:: Work to be completed ::
Write out every line below that includes the word "wearing".

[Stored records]
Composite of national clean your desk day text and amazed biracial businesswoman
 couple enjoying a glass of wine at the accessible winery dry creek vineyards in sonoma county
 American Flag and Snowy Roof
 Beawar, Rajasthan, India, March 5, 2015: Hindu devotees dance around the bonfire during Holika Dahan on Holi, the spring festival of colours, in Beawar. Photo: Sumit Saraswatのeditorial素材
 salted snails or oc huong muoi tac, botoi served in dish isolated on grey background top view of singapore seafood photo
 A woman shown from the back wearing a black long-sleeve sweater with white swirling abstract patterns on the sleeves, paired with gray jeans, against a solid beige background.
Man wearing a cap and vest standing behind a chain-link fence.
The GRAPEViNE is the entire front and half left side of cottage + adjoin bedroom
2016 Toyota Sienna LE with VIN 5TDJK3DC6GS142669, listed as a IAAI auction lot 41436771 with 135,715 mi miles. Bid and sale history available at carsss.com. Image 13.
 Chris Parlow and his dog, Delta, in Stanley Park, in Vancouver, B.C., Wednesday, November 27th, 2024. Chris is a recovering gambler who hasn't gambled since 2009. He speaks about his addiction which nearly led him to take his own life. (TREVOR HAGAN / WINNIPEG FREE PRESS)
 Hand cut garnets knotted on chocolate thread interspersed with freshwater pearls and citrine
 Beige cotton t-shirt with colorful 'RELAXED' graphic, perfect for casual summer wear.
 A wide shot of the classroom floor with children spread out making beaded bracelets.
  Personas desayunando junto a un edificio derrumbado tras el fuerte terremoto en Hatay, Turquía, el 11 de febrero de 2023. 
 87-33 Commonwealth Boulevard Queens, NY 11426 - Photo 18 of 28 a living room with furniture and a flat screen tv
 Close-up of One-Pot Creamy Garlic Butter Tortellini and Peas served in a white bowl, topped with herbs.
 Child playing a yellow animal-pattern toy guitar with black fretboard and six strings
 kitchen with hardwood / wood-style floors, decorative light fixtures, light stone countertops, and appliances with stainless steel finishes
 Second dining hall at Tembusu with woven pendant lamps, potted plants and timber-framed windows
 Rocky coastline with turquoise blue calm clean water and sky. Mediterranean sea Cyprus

:: Result for this task ::
 A woman shown from the back wearing a black long-sleeve sweater with white swirling abstract patterns on the sleeves, paired with gray jeans, against a solid beige background.
Man wearing a cap and vest standing behind a chain-link fence.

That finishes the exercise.